* **Available data**
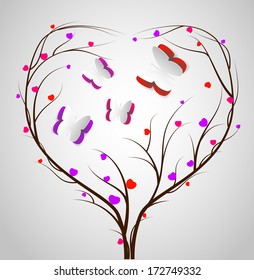 Paper batterfly, valentine postcard
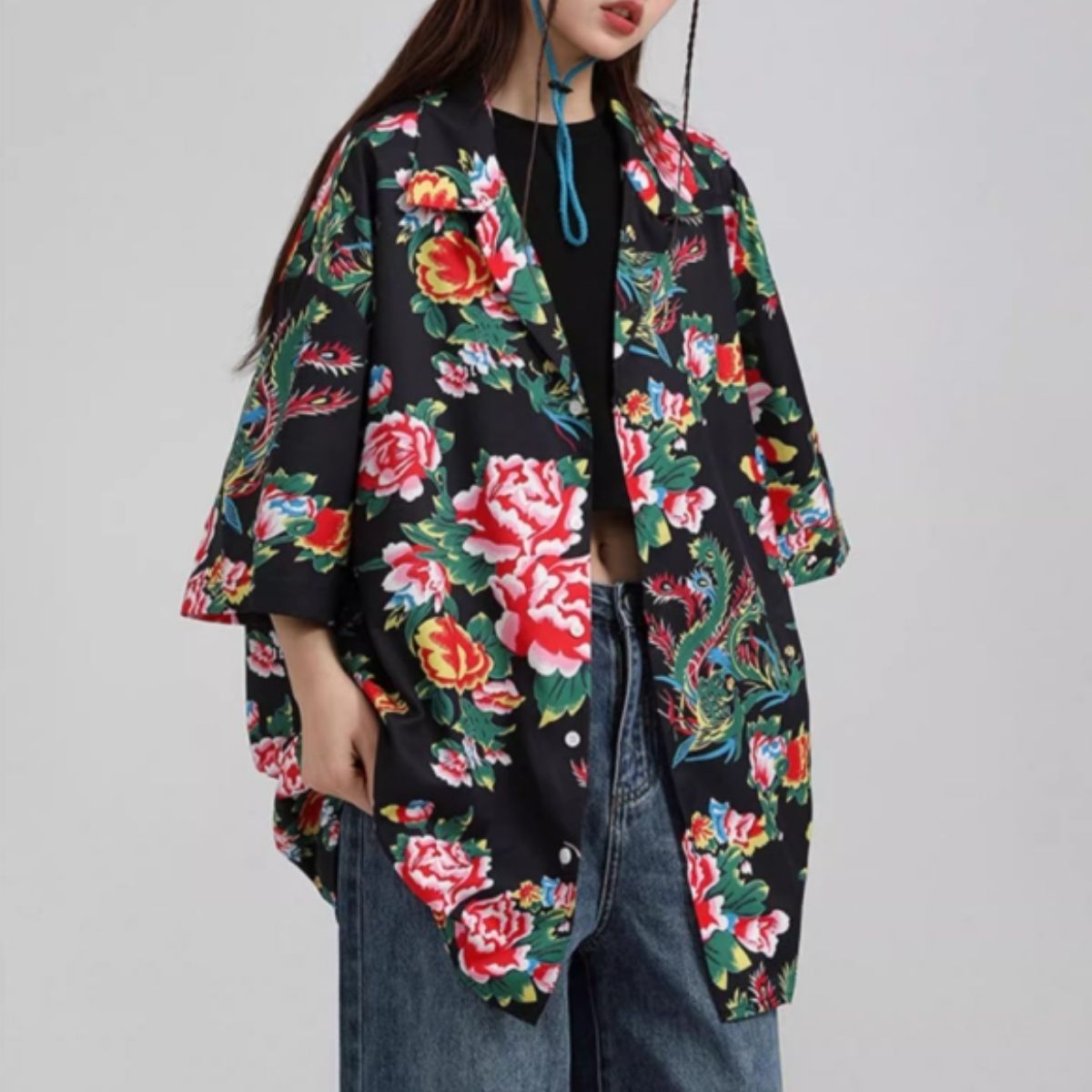 Shirts/レトロ総花柄半袖シャツ ST/No.22116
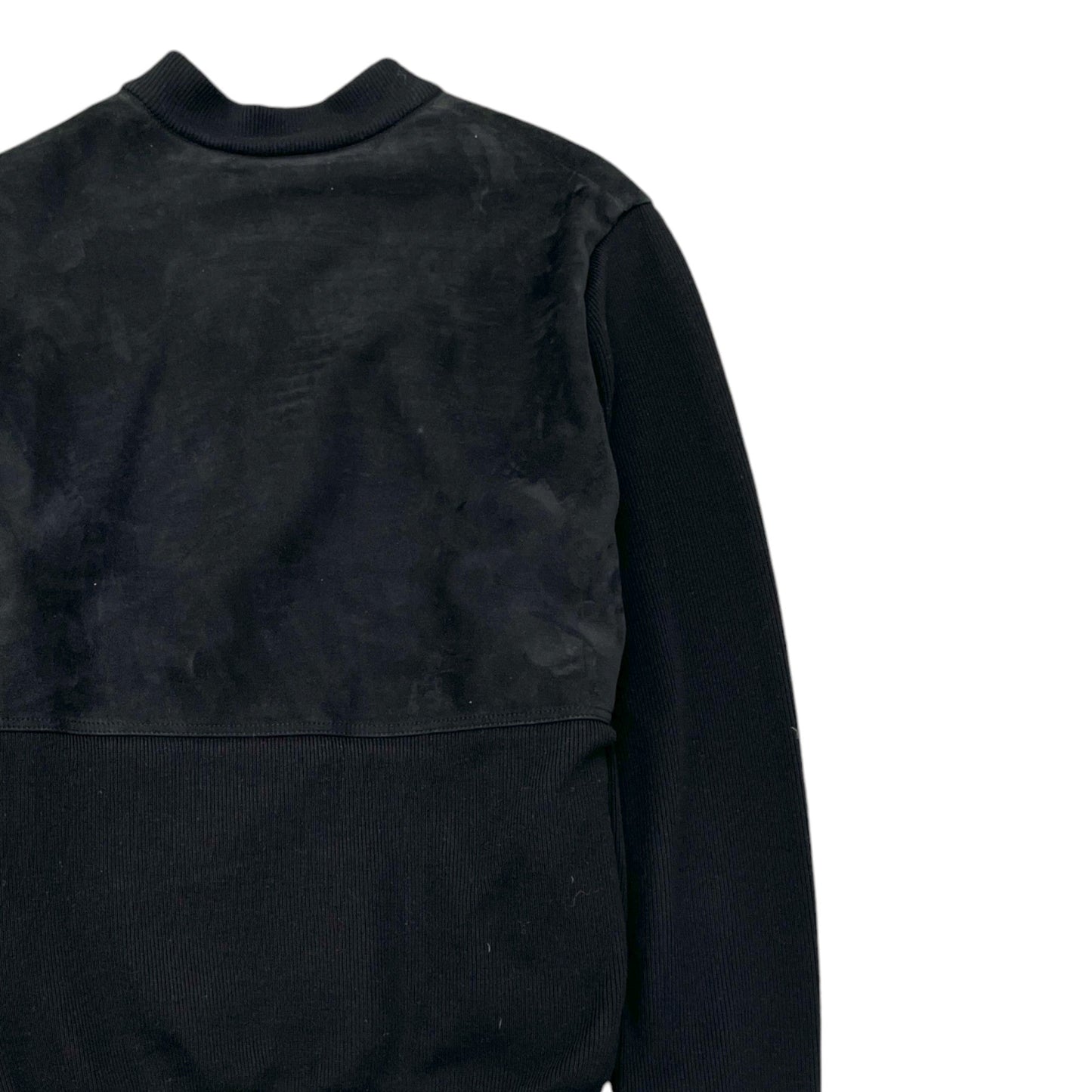 Men's Lamb Skin Suede & Cotton Bomber Jacket Black Size M
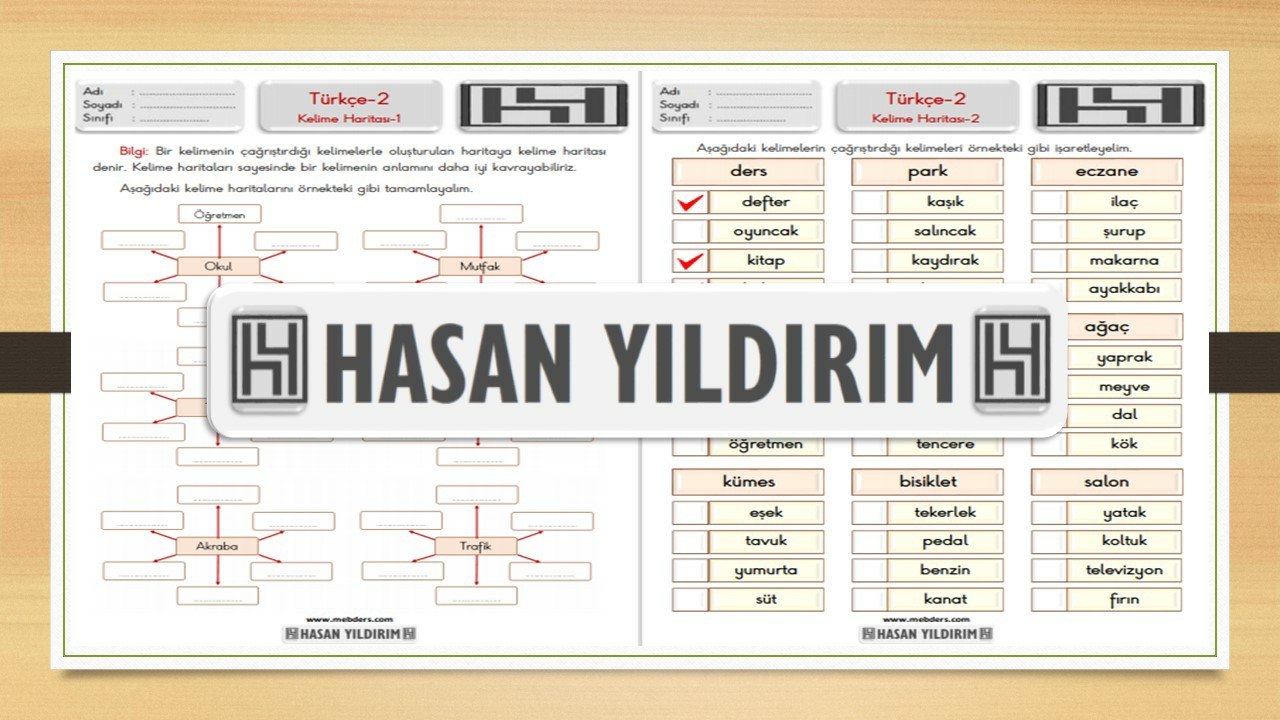 2. Sınıf Türkçe Kelime Haritası Çalışma Sayfaları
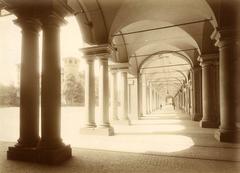 Historical photograph of Piazza Castello in Turin with porticos and Prefecture building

* **Work task**
Output only the lines running from the line with "Men's Lamb Skin" through the last line of the entries above, inclusive, with pictures excluded.

* **Exercise result**
 Men's Lamb Skin Suede & Cotton Bomber Jacket Black Size M
 2. Sınıf Türkçe Kelime Haritası Çalışma Sayfaları
 Historical photograph of Piazza Castello in Turin with porticos and Prefecture building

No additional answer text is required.